Branson pursued his hobbies with the same enthusiasm and passion as his business ventures. He and a friend broke the record for crossing the Atlantic in a speed boat, which led to his teaming with Swedish balloonist Per Lindstrom to attempt crossing the Atlantic in a hot air balloon. Their first attempt ended in the Irish Sea. Undeterred, they set their sights higher: ballooning around the world. On their first attempt, they began in Japan and wound up crashing in the Canadian wilderness in the middle of a blizzard.

Perhaps Branson's biggest gamble was Virgin Atlantic Airways. He daringly took on the long-established British Airways, accusing them of a monopoly and of unfair business practices. Branson eventually won a sizable out-of-court settlement from British Airways.

The strength of "Losing my Virginity" is Branson's modesty and honesty. He speaks frankly about his first failed marriage, and the happiness he has enjoyed with his second wife and children.
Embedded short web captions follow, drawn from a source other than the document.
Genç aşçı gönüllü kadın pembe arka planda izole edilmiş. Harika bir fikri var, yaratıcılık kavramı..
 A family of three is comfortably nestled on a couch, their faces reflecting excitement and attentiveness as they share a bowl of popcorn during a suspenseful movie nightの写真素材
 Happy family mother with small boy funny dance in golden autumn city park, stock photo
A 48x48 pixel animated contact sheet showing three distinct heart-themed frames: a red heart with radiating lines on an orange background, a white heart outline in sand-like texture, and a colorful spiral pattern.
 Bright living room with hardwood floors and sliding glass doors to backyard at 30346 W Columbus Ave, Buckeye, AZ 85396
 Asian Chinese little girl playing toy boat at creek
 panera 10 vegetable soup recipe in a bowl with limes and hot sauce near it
Often criticized by the media for being a showman, Branson reasons that he only used his personality to help gain exposure for Virgin. Surprisingly, Branson comes off as a lovable underdog battling the establishment, instead of a spoiled tycoon. In the introduction, Branson explains that "Losing My Virginity" is Volume One of his autobiography, which takes him up to his early 40s. How Branson will reinvent middle-age and retirement should make for a compelling sequel.

This book was published by Time Warner, which is the parent company of CNN Interactive.

Tom Faucett is a freelance writer who lives in Atlanta.